Me and my friend, Tony, seemed to have avoided them all, but one of them, an Iranian looking guy in a silver tracksuit (yes, silver tracksuit) persisted with us and continued offering us all manner of things we did not want, and which we knew weren’t really available anyway.
He wouldn't give up, repeatedly slapping me on the chest in time to his mantra 'Cocaine? Ladies? Weed?' After a minute or so I’d had enough, and with Dutch courage spilling from every pore I turned round and politely asked him to ‘fu*k off’. Tony looked shocked, and in fairness it was probably not the best way to talk to such a person.
He wasn't happy and immediately got angry. He started shouting at us both in Arabic. I looked at Tony, “Shall we do him? I asked – not because I wanted – or were even able to ‘do’ anyone, I just thought the two of us, standing up to him might cause him to leave, and pick on someone else. Alas, no: “You do me?’ He screamed, “You do meeeee!” again, now fronting me out.
I remember being a bit worried, but also, with all that booze running through my veins, the whole thing appeared rather stupid. But then I saw him fiddling round in his pocket, and my first concern was a knife. Balls! I thought – this has escalated, this could get dangerous, I might end up in A&E. Until he pulled out, a plastic fork. A plastic fork! And started waving it around under my nose, threateningly - sort of.

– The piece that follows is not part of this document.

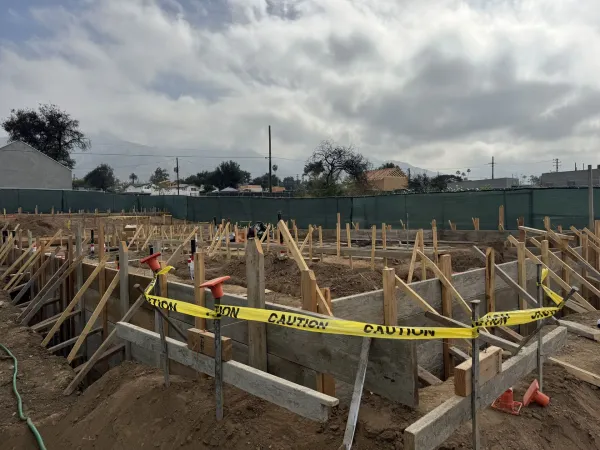 Active construction site featuring excavated foundation trenches and wooden concrete formwork with wooden stakes and boards defining the future building footprint, caution tape and orange rebar safety caps visible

I laughed, Tony Laughed. “You do me!” he said, as we both laughed. I fiddled around in my pocket, looking for something equally stupid with which to join the fight, a plastic knife would have been perfect. But no, I pulled out…….a pick Rake.

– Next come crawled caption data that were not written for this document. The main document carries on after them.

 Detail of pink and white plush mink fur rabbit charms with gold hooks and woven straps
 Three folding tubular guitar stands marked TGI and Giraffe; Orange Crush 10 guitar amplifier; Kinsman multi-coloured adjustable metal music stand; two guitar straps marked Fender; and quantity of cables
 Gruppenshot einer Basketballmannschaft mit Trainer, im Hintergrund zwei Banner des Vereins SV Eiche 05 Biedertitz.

Seeing that I was now also ‘armed’ he went for a stab, aiming the plastic fork straight into my belly. Instinctively I moved my hand to defend myself, but in doing so, the B Rake pierced and slid into the side of his wrist. Balls. I had just stabbed someone with a B Rake. He lifted up his arm in shock, observing the weird, bent, little piece of metal with which I had stabbed him, and was now sticking out of his wrist. I did the only thing I could do. I ran, Tony Ran, with the sounds of a man with a B Rake in his wrist screaming ‘You do meeee!” in the distance.
I like to think our friend in the silver tracksuit removed the B, kept is as some kind of trophy and one day someone said it was a lock pick and thus began his journey into this wonderful art of ours. In truth however, I imagine he removed it and now that’s his weapon of choice. Or he threw it on the floor. Probably that.
But - just in case - if you’re ever out in Soho, London, and a man in a silver tracksuit offers you drugs and women, be aware, he might be armed with a B – so my advice is – take a lock with you.